Yes, on the command line you can loop over multiple files using a shell script. For example, in bash: for f in *.hevc; do ffmpeg -i "$f" -c:a libopus -b:a 128k -vn "${f%.hevc}.weba"; done. This processes every .hevc file in the current directory and outputs a matching .weba file. The browser-based tool on this page processes one file at a time, so the local FFmpeg command is especially useful for bulk conversions of large libraries.
Technical Notes
WEBA is essentially a WebM container restricted to audio-only content, and the Opus codec it carries was specifically designed for web and real-time communication use cases.
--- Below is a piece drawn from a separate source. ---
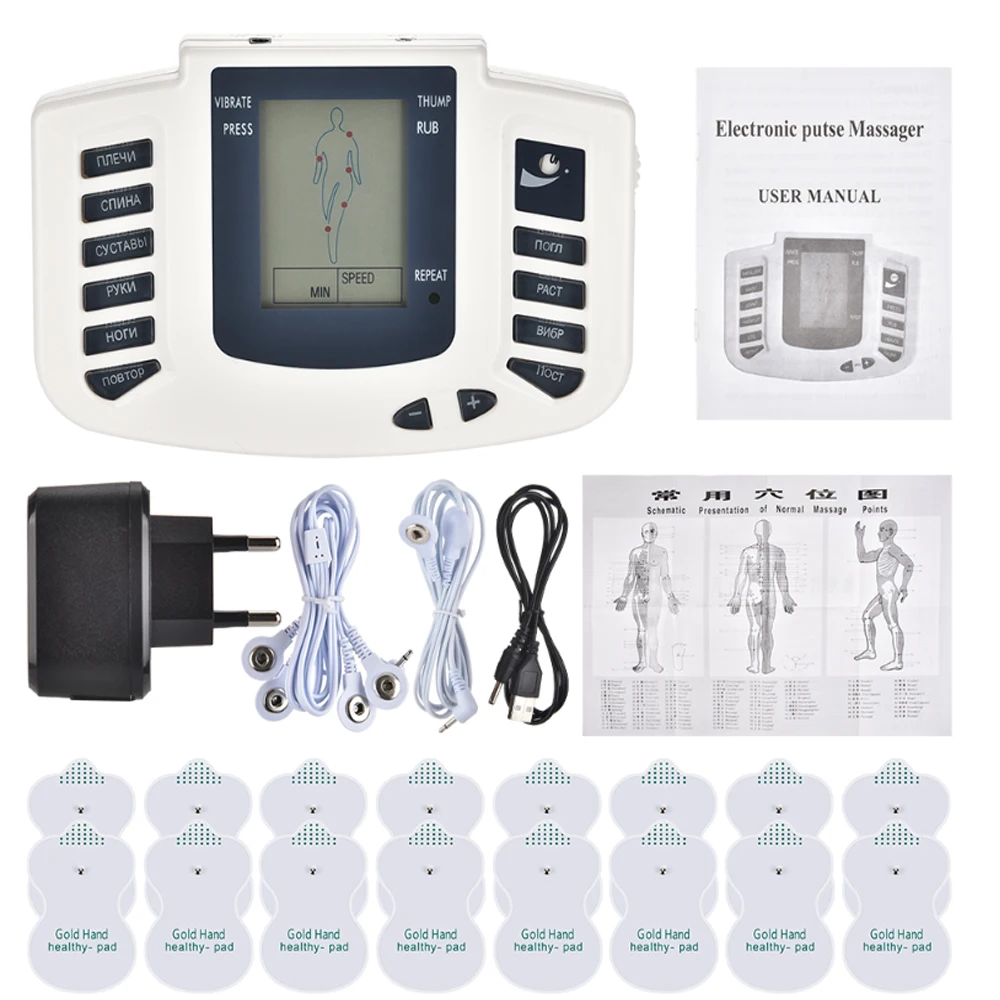 Electronic Pulse Massager Tens Ems Machine Electrical Acupuncture Muscle Stimulator Acupuncture Slimming Massager Pain Relief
Opus operates at bitrates from 6k to 510k and uses a hybrid SILK/CELT architecture that makes it exceptionally efficient for both speech and music. When converting from HEVC, the audio codec inside the .hevc stream (commonly AAC or E-AC-3 in broadcast workflows) must be fully decoded and re-encoded — there is no possibility of stream copying audio into Opus since they are entirely different codecs. HEVC's metadata fields such as chapter markers, subtitle tracks, and multiple audio tracks are all discarded, as WEBA supports none of these features. The output WEBA file will contain a single mono or stereo Opus stream depending on the channel layout of the source audio; if the source has surround sound (5.1 or 7.1), FFmpeg will downmix it to stereo by default when targeting Opus at standard bitrates. For high-channel-count audio, you may need to explicitly set -ac and increase the bitrate accordingly. WEBA files are broadly playable in Chromium-based browsers and Firefox but have limited native support in Safari, which historically has had inconsistent WebM/Opus support.